Мне везло на несколько серьезных встреч. Например, с Александрасом Мацияускасом. В двадцать четыре года я решился на одном фотофестивале подойти к нему и сказать, что мне очень нравятся его фотографии, и не найдет ли он возможность прокомментировать мои снимки, если я приеду в Каунас. Я волновался – он ведь мэтр литовской фотографии. И он сказал: «Да, приезжай». Тогда из Калининграда до Каунаса ходил дизель: рано утром сядешь и к завтраку уже в Каунасе. Год я готовился к этой поездке – снимал, сделал нечто вроде дипломной работы. Он руководил каунасским отделением литовского Общества фотоискусства. Мацияускас принял меня у себя в кабинете. Начал смотреть мои фотографии. Первая его фраза была такой: «Как ты думаешь, сколько на земле людей?» «Кажется, четыре с половиной миллиарда». «И ты каждого будешь фотографировать? Задача фотографа создавать собирательные образы. Согласен?». Еще посмотрел фотографии: «Ну что, давай твою выставку у нас устроим». И тут я испугался, потому что о таком даже не мечтал. В то время Каунас был фотографической Меккой всего Советского Союза, там показывали фотографов не только социалистических стран. И вот первая моя выставка состоялась в Каунасе, под патронатом Мацияускаса. Так началась дружба с ним и с некоторыми литовскими фотографами. Теперь мне смешно думать о тех фотографиях, а он в них увидел то, что заслуживало выставки. Выставку прекрасно приняли, памятную медаль дали, оплатили гостиницу – все было как у профессионала. Сейчас я по-разному отношусь к литовской фотографии, но тогда Мацияускас на меня повлиял и благословил.

А через несколько лет у меня состоялась встреча с Эдвардом Хартвигом. В России его почти не знают. Наверное, потому, что мы высокомерно относимся к нашим братьям из Восточной Европы и пресмыкаемся перед западными. А зря: польская фотография пошла самобытным путем, синтезировав многое в изобразительном искусстве. В какой-то момент этот синтез трансформировался в творчество Эдварда Хартвига, и польская фотография делится на период до него и после. Мне было лет двадцать восемь, у меня прошли успешные выставки в Польше, и я набрался смелости попросить знакомых фотографов организовать мне с ним встречу. Ему тогда исполнилось семьдесят, и в центре Варшавы, в зале «Захента», открылась его выставка. Мне сказали: «Поезжай в Варшаву, там будет юбилейная выставка Хартвига. Обратись к президенту польского союза фотохудожников, он его попросит уделить тебе время». Я приехал: все заставлено машинами с дипломатическими флажками, толпа народа, огромная выставка, большие залы, шикарные фотографии, ручная печать… Меня подвели к Хартвигу, он не обратил на меня внимания – вокруг стояло множество людей… В тот же вечер мне позвонили и сказали, что Хартвиг ждет меня завтра у себя на Иерусалимской. Он открыл дверь, большая пустая квартира, мы целый вечер общались. Обаятельнейший, жизнерадостный старикан, он сказал, что его семья эмигрировала из России. Комментировал мои фотографии, а потом взял одну и говорит: «Давай оставлю тебе автограф», и на обороте написал: «Эта твоя фотография понравилась мне больше всего».

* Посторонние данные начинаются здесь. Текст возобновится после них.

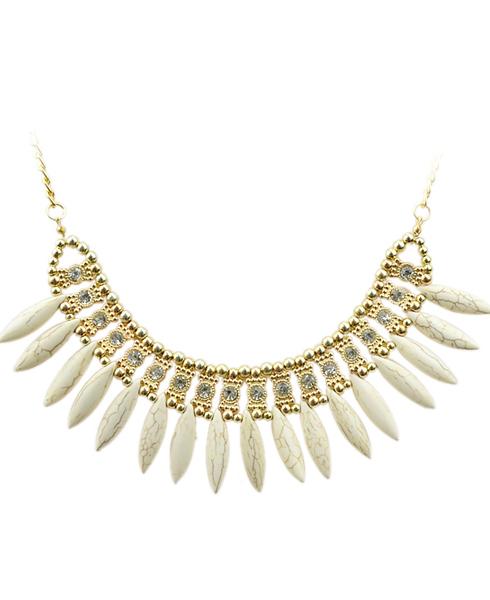 Shein White Bead Diamond Gold Chain Necklace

– А что это за фотография?

– Сейчас она не кажется мне такой значимой. Черно-белая из серии о кладбище кораблей в Калининграде – по ржавому кораблю как символу брежневской эпохи, уплывающей в небытие, идет мальчик. Там дети играли в войну.

–Негативы Вы как-то обрабатываете?

–Делаю только техническую ретушь, если ворсинки вдруг попали. Картье-Брессон куражился, показывая снимки с перфорацией: вот вам полный кадр без обработок. Можно все ведь и при съемке делать – работать светом, цветом, знанием, чувством.

– Появляется ли у Вас чувство отстраненности при взгляде на свои снимки, составившие выставку или альбом?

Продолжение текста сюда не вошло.